Sen. Leno suggested that the cost to the state of longer sentences could reach hundreds of millions of dollars in the next ten years — at a time when California prisons are critically overcrowded and revenues are critically sparse.
But Daphne Phung, Founder of California Against Slavery, Prop 35’s primary sponsor, countered that, “If this initiative prevents only one child from being trafficked, it’s really worth it.”
Leno also questioned Prop 35’s requirement that convicted sex traffickers register as sex offenders — whether or not they have committed what are traditionally considered sex crimes.
While this will further burden California’s already-failing sex offender registry, which struggles without adequate funding for enforcement, logic suggests that trafficking a child to be raped by someone else is as great an offense as raping the child oneself. Plenty of voters would likely opt for being informed when a convicted sex trafficker moves to the neighborhood.
And this provides a nice segue to issues of civil liberty, a frequent basis of criticism of sex offender registry laws, which mandate that perpetrators who have served their sentences receive what some consider unconstitutional, lifelong punishment in the form of public shaming and harassment as a result of the registries.
Prop 35 would add fuel to this fiery debate by further mandating that all sex offenders (which would include sex traffickers if the measure passes) report their Internet service providers, online identities, user names and email addresses to law enforcement. The measure’s intent is to prevent online sexual exploitation, pornography, and recruitment for trafficking purposes, but the ACLU thinks it goes too far.
The organization’s legislative director for California, Francisco Lobaco, said at a hearing on Prop 35 that it raises serious free speech concerns: “The Supreme Court has long held that the First Amendment protects the right to speak anonymously. The initiative infringes on that right of registrants to speak anonymously on the Internet, because it means a person who is convicted decades ago of a relatively minor sex offense, such as indecent exposure, or a crime that has absolutely nothing to do with either children or the use of the Internet, must now inform the police of any name he or she uses in any sort of online discussion group. … This raises significant constitutional issues if in fact this initiative were to pass.”

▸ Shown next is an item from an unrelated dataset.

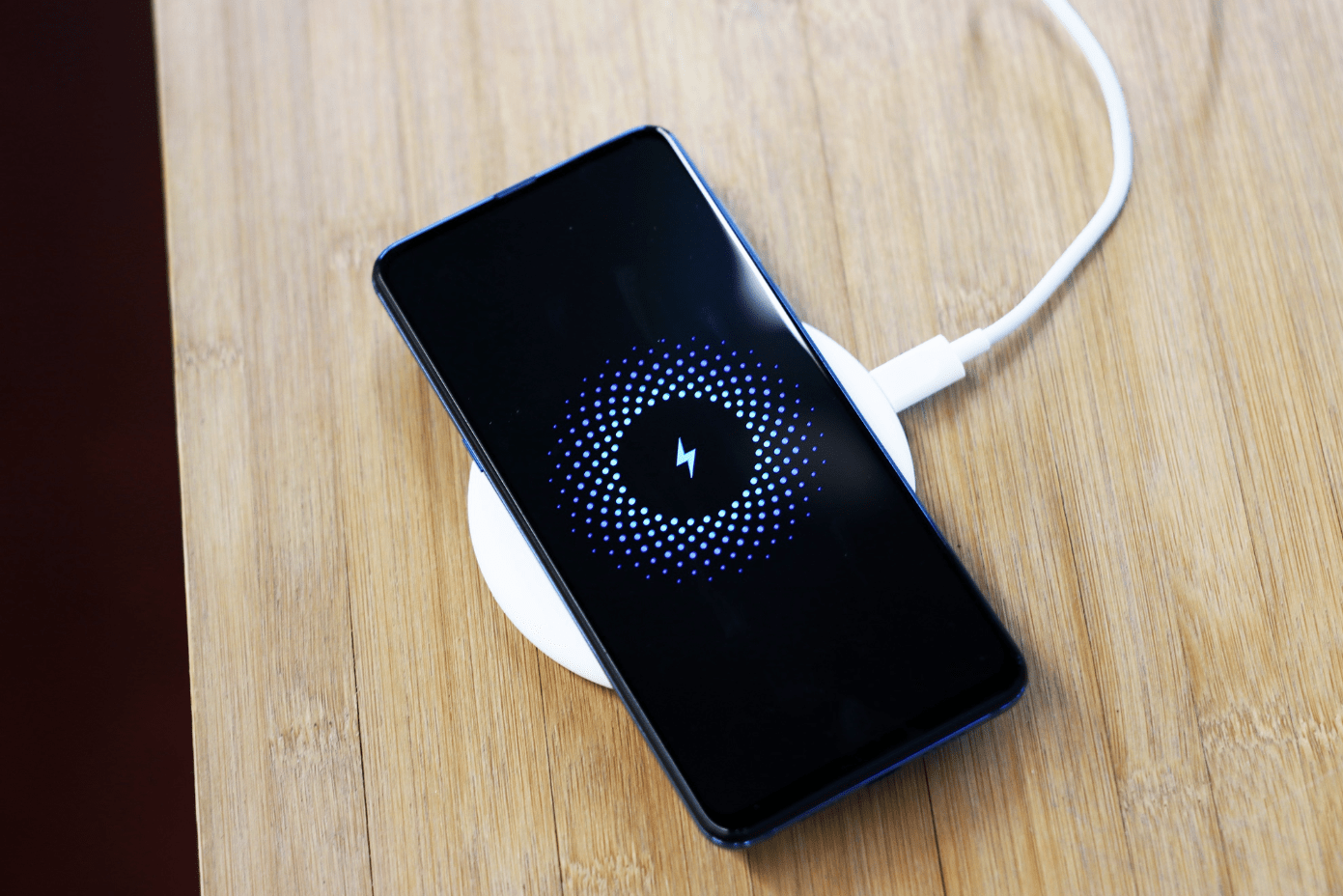 vivo发布120w极速充电技术 15分钟充满电_手机搜狐网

And when that happens, those who question Prop 35 might be relieved to know that the sponsors wisely included a failsafe mechanism: Once passed, the resulting act can be amended by a simple majority of the votes in the state legislature, which begs the question of why the sponsors didn’t work with the legislature to begin with.

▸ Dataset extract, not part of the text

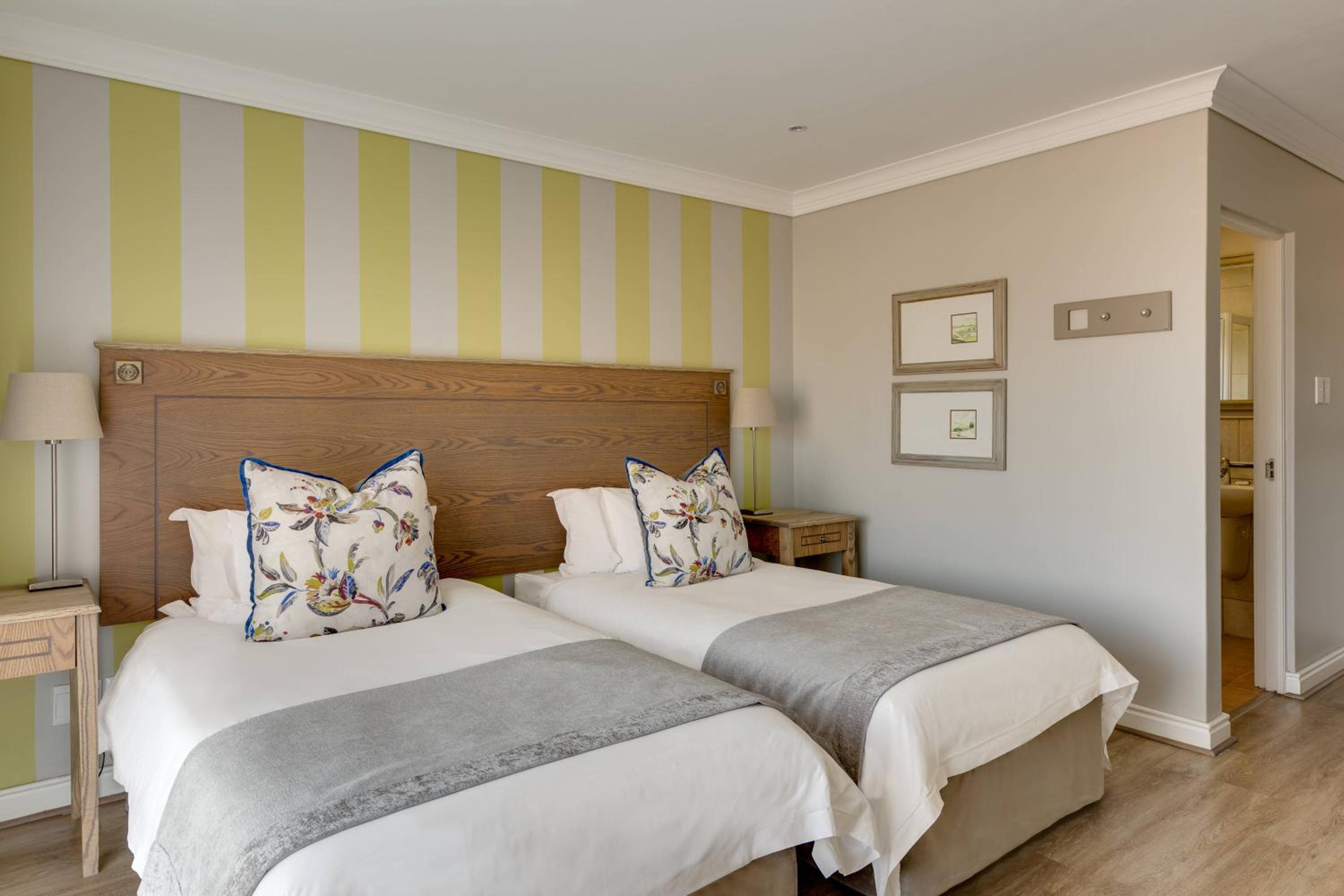 Guest room, 2 Twin - Photo 1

Klaas’ response to the question is steeped in experience.
“Lawmaking is frustrating at any level,” he said. “I’m torn by this, but I’m loathsome of the legislature. I can’t stand it up there [in Sacramento]. I’m in contempt of the whole bunch of them. It’s a terrible process. But the initiative is a process that can get things done.”

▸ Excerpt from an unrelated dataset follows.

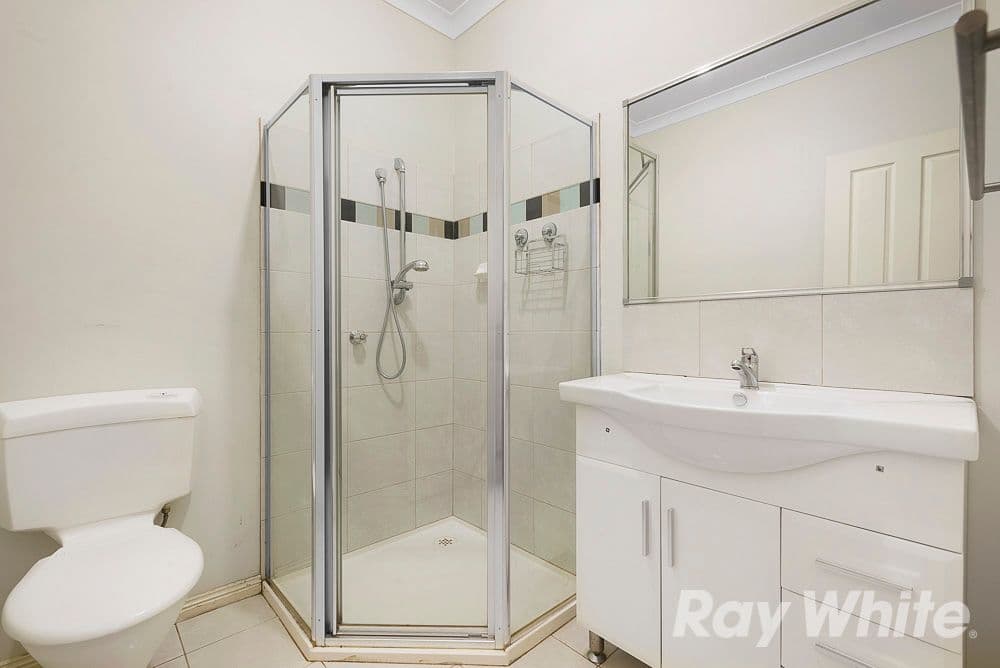 1 Abbot Court, Glen Waverley VIC 3150, Glen Waverley - Thumbnail 5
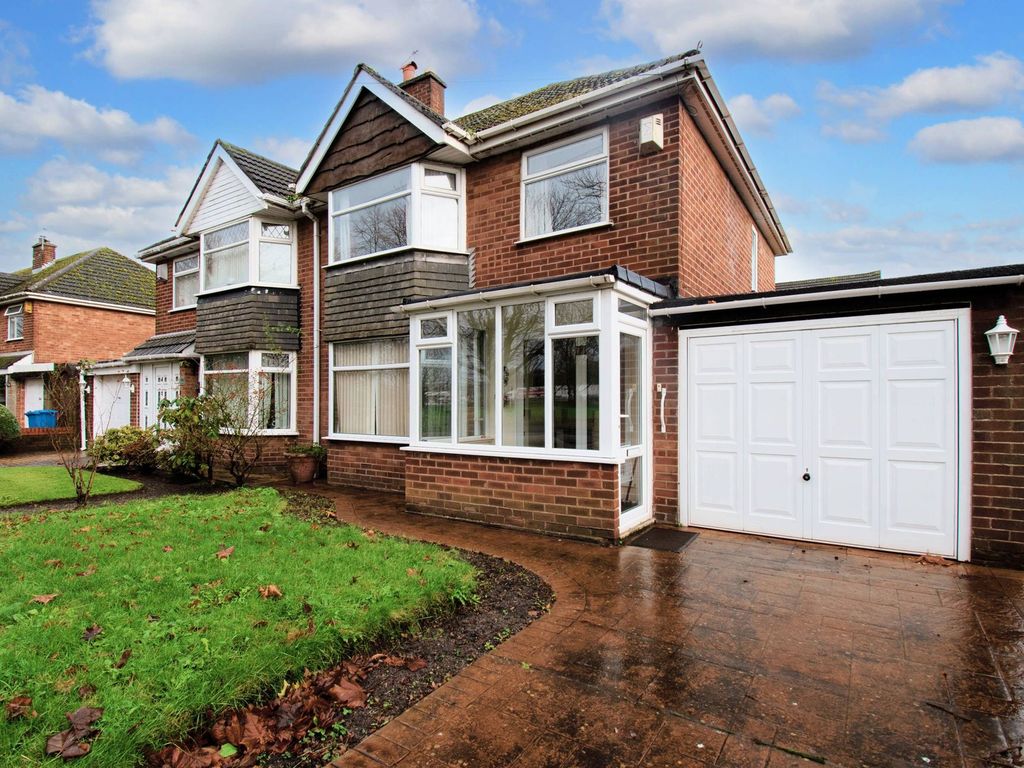 3 Bed Semi Detached House For Sale In Winwick Road Warrington Wa2 £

Klaas is correct: Initiatives can get things done — sometimes good things, sometimes bad.
California initiatives have banned same-sex marriage (Prop 8, in 2008), done away with bilingual education (Prop 227, in 1998), undermined funding for public schools (Prop 13, in 1978), mandated life sentences that have been wildly more severe than some “third strike” offenses warranted (Prop 184, in 1994), prohibited affirmative action in public employment, education and contracting (Prop 209, in 1996), denied healthcare and education to undocumented immigrants (Prop 187, in 1994), and the list of supposed “citizen” initiative fiascos goes on.
In the meantime, Prop 35 is going to pass, and we can only wait to see if it produces good things for the people of California or ends up in the rogue’s gallery of ill-conceived and malevolent ballot measures.